After recording it on a sunny afternoon on Bruntsfield Links, as the city waited for news on a second lockdown, he added quietly: “I hope it all comes back.”
Crawford, who is highly acclaimed as both poet and critic, has recently made the city his home after retiring from the University of St Andrews where he is now an Emeritus Professor in the School of English. The poem is one of a series celebrating Scottish cities, published in his 2018 collection The Scottish Ambassador.

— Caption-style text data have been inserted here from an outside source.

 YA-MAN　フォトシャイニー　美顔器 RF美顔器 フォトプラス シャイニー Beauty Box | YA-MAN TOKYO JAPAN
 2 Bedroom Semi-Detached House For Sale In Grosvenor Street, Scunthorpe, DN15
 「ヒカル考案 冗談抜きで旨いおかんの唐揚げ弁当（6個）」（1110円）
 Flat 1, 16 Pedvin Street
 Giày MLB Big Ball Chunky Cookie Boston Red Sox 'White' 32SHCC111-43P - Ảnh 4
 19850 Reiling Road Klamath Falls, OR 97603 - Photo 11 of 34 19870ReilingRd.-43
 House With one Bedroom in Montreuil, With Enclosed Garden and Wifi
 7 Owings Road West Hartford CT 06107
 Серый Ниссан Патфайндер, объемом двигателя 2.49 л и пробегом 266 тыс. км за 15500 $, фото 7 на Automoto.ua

He is an accomplished and versatile writer, learned, playful, often occupied with Scottish themes but never parochial. His 2014 collection, Testament, was published on the eve of the 2014 Independence Referendum and addressed some overtly political concerns. He has said one of his aims with The Scottish Ambassador was to “sing Scotland… as part of a much wider realm.”
The international reach of his work is clear in his final poem in his session, a version of a lyric by Chinese Song Dynasty poet Lu You, atmospherically realised in Scots. This poem is from Strath, published last year, a collaboration with the photographer Norman McBeath. Having enjoyed Chinese lyrics in translation since childhood, he described this as “a exercise to get closer to them.”

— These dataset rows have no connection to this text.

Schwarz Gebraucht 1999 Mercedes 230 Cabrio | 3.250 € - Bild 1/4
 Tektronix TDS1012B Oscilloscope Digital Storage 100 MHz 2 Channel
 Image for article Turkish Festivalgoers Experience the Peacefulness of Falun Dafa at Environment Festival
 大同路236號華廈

The author of some 40 books, including nine collections of poetry, Crawford is currently working on the second part of his two-volume biography of TS Eliot, Eliot After The Waste Land, to be published in 2022 and, for almost the first time in his life, writing poems about animals. He begins his session with a series of new and unpublished animal haiku from a series with the working title Bestiary.
“I love Old English riddles,” he says. “I started making some versions a while back and realised some of them could be turned into haiku. I liked the idea of fusing Old English and Japanese forms. I guess each one is a puzzle, inviting you to guess the animal.”